::: EXCERPTED RECORDS

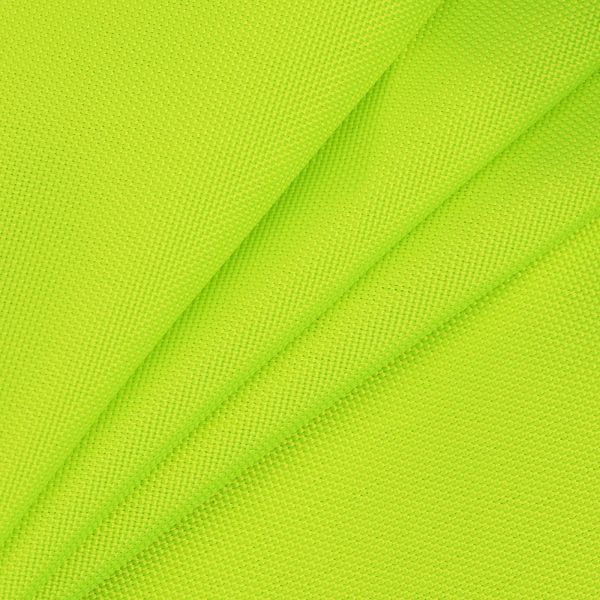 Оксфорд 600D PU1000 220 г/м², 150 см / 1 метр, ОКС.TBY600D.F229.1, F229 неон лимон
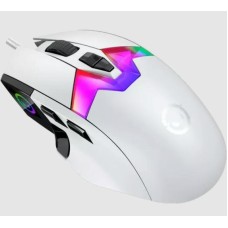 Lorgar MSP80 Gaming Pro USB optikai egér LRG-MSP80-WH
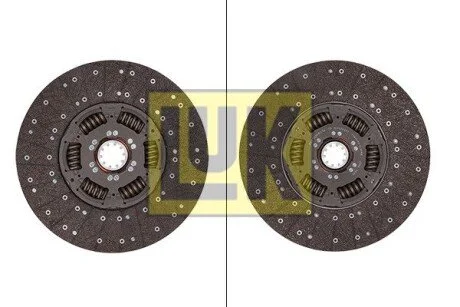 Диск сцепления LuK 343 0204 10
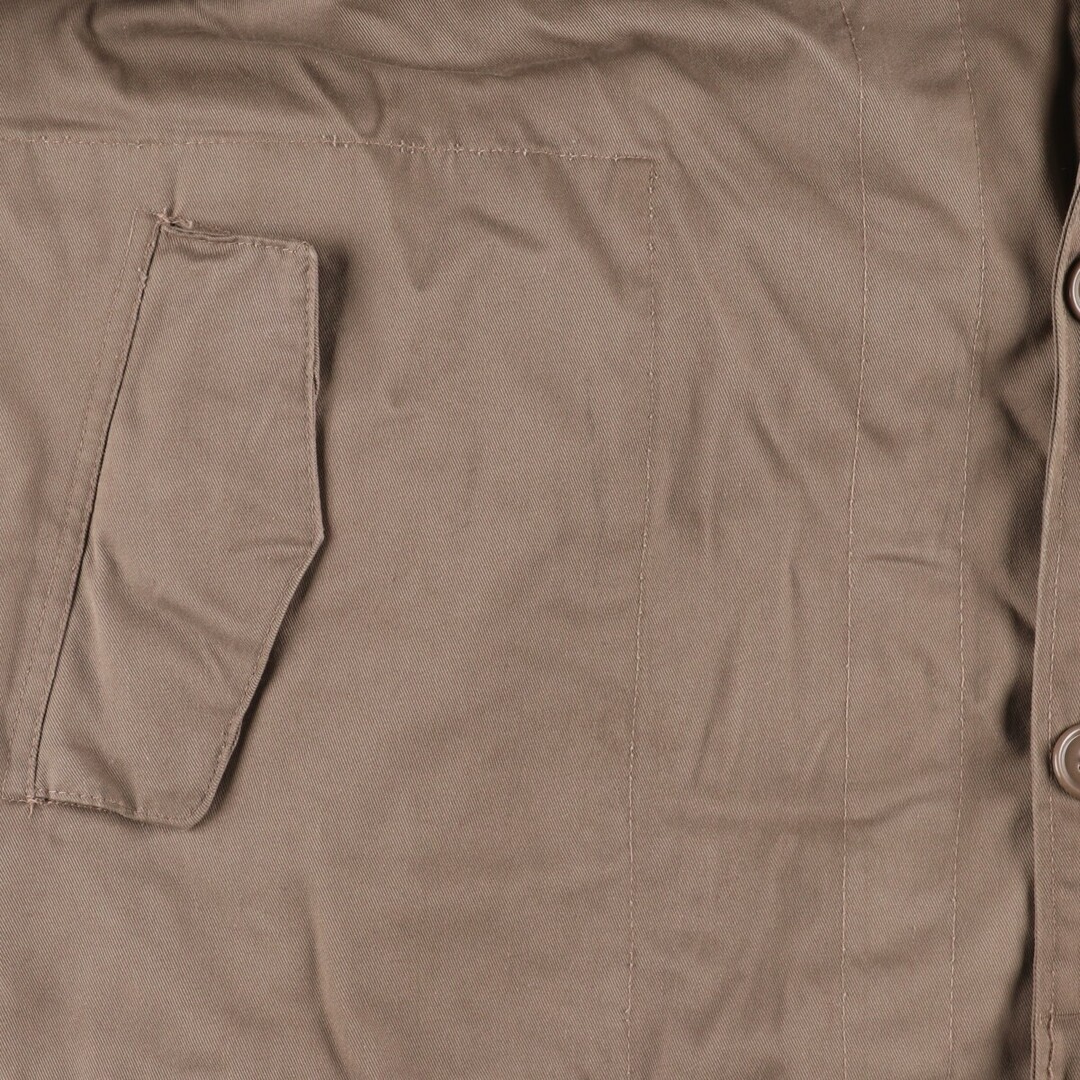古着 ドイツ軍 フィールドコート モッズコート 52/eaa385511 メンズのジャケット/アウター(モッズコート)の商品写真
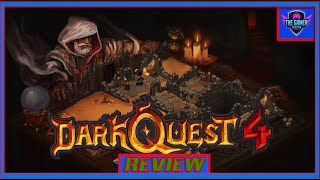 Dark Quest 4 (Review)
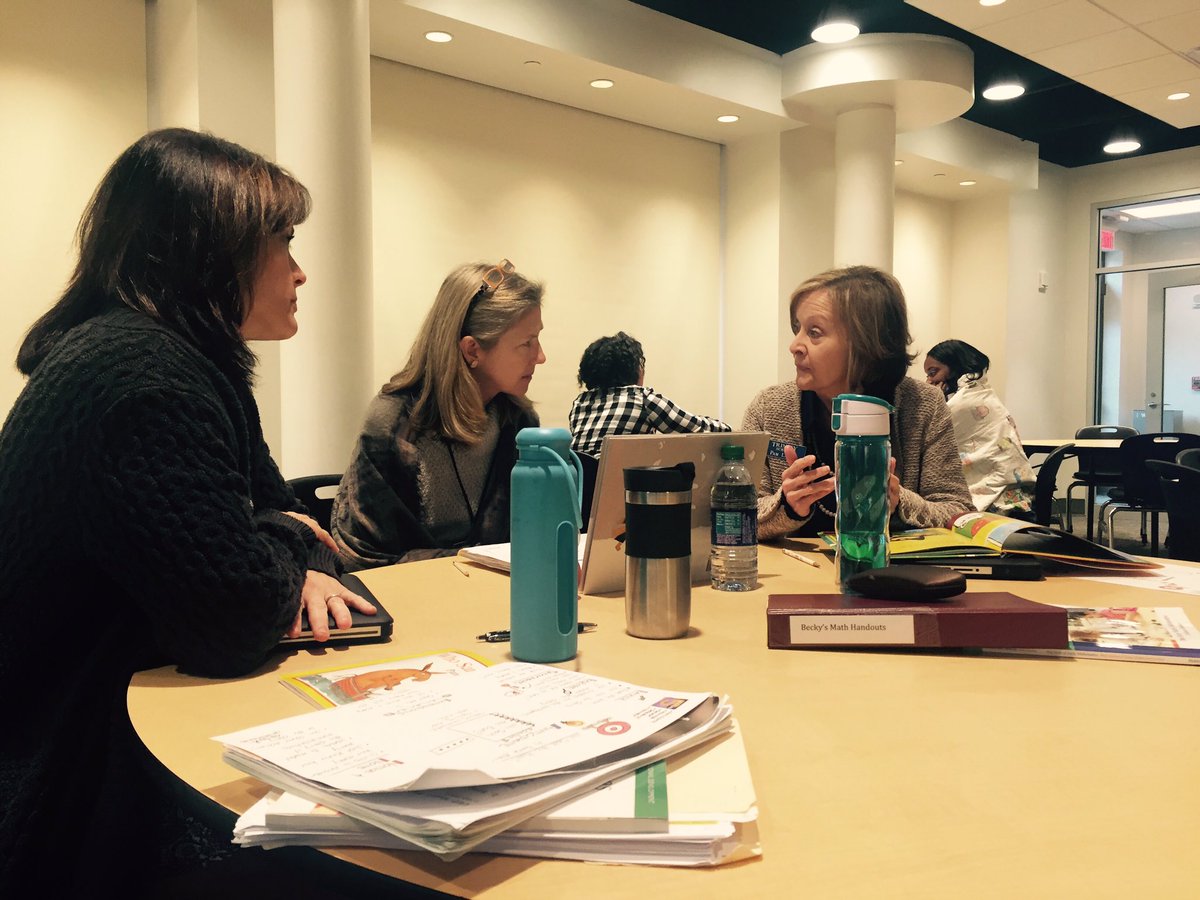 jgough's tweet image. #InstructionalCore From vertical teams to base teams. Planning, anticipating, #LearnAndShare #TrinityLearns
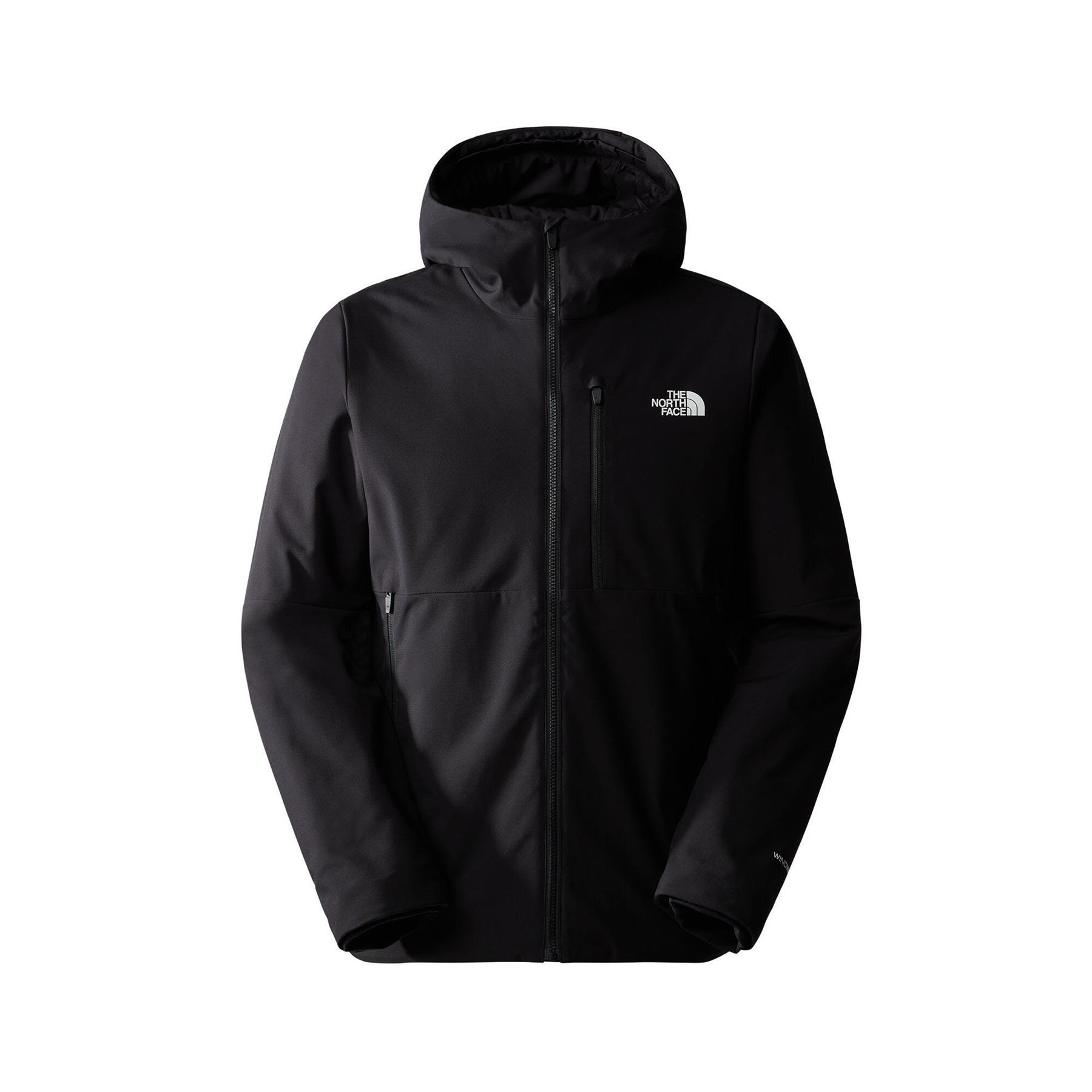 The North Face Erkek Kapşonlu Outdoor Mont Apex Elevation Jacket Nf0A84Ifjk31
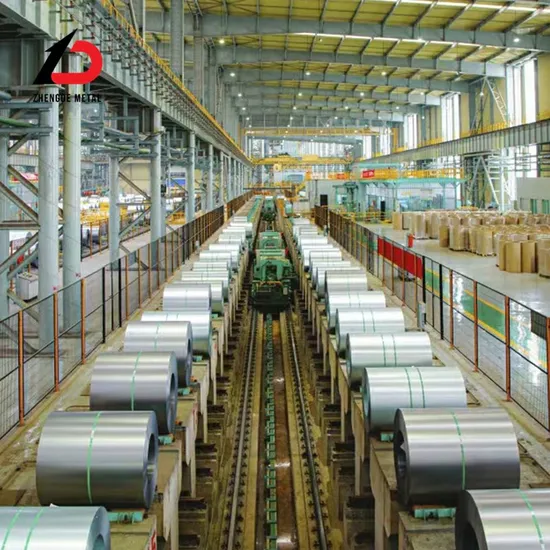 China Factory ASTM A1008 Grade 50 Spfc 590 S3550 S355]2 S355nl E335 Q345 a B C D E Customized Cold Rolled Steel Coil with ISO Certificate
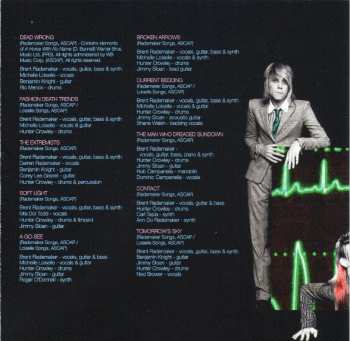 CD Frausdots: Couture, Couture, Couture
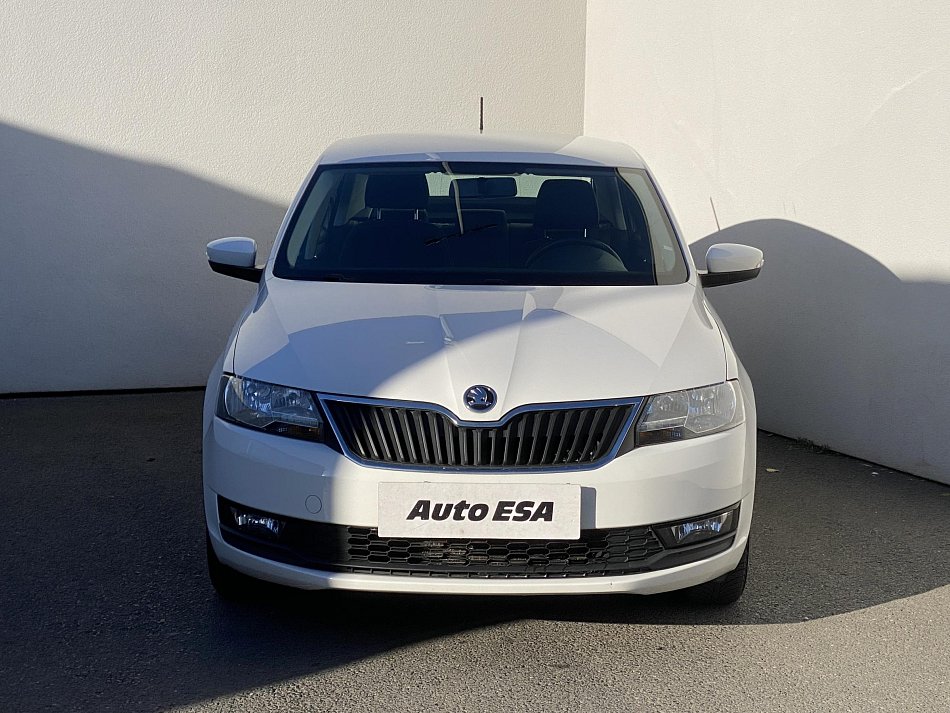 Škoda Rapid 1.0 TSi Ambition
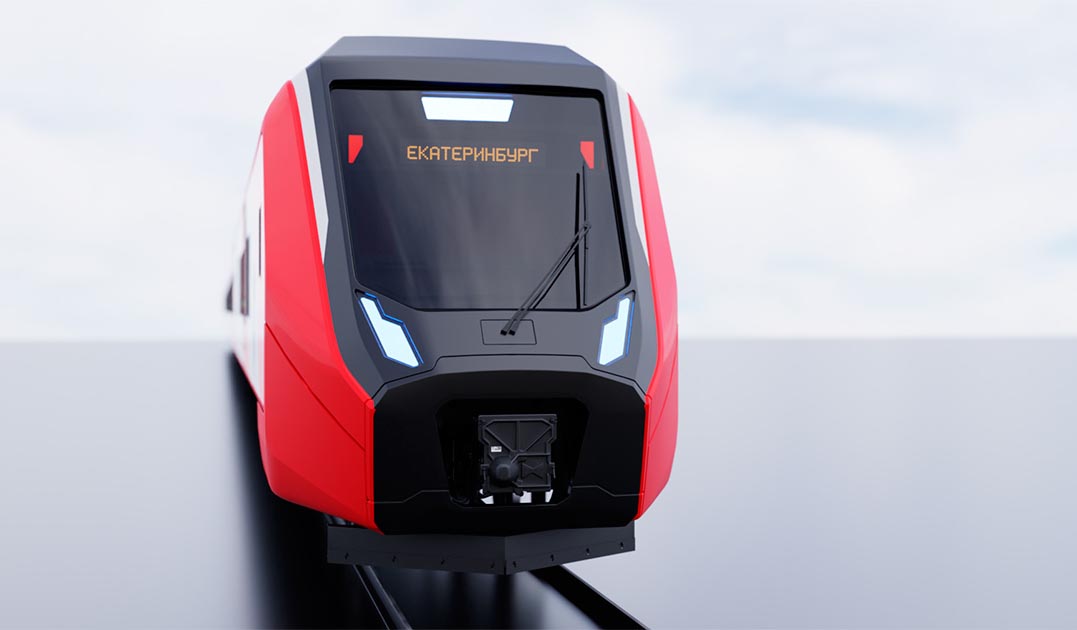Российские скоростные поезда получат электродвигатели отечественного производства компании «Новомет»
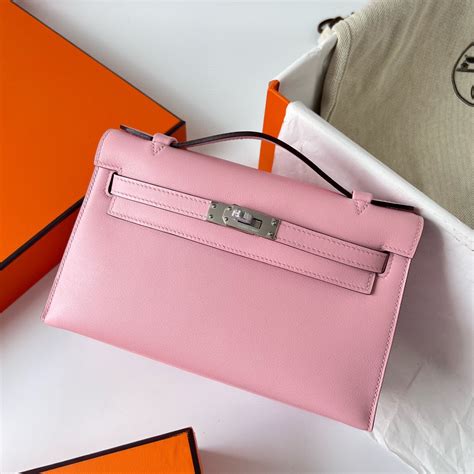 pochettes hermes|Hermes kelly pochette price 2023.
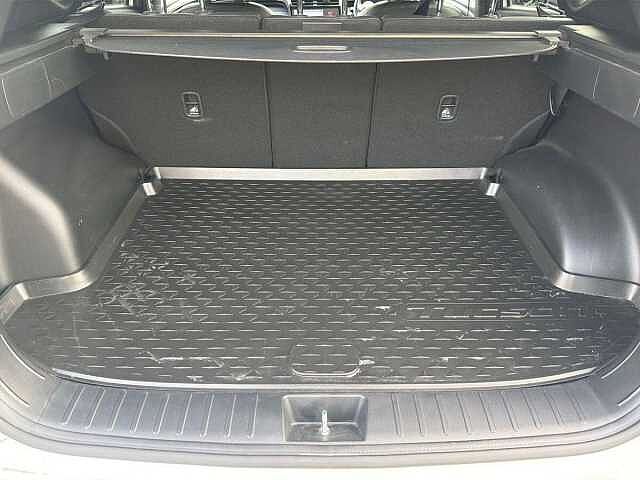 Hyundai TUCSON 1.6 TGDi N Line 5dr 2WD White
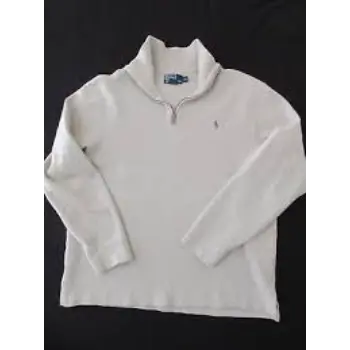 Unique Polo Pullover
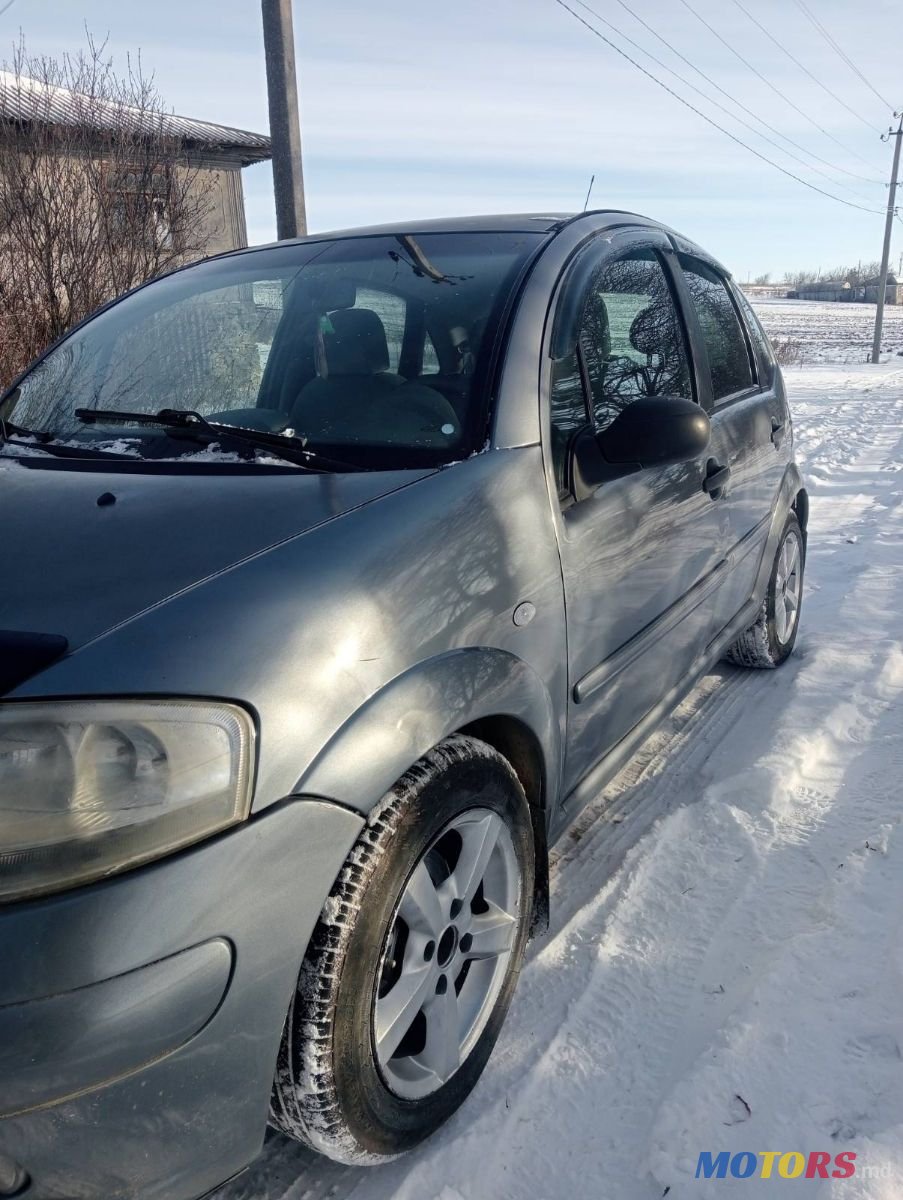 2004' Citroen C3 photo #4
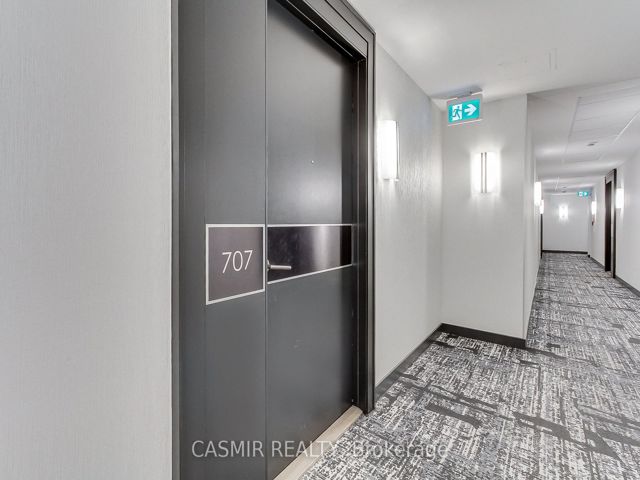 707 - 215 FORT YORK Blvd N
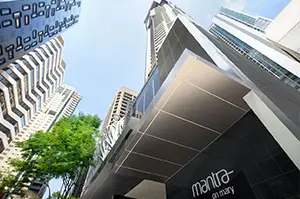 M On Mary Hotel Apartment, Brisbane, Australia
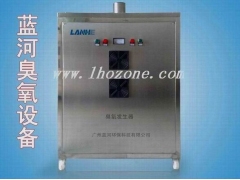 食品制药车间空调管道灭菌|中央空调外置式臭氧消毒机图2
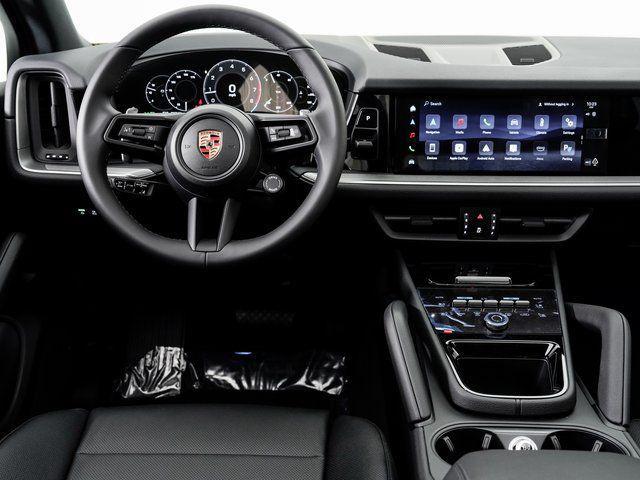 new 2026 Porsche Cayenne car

::::::

In the records above, take every line from the opening one through the line with "Dark Quest 4 (Review)" and repeat it exactly; pictures are not part of the copy.

 Оксфорд 600D PU1000 220 г/м², 150 см / 1 метр, ОКС.TBY600D.F229.1, F229 неон лимон
 Lorgar MSP80 Gaming Pro USB optikai egér LRG-MSP80-WH
 Диск сцепления LuK 343 0204 10
古着 ドイツ軍 フィールドコート モッズコート 52/eaa385511 メンズのジャケット/アウター(モッズコート)の商品写真
 Dark Quest 4 (Review)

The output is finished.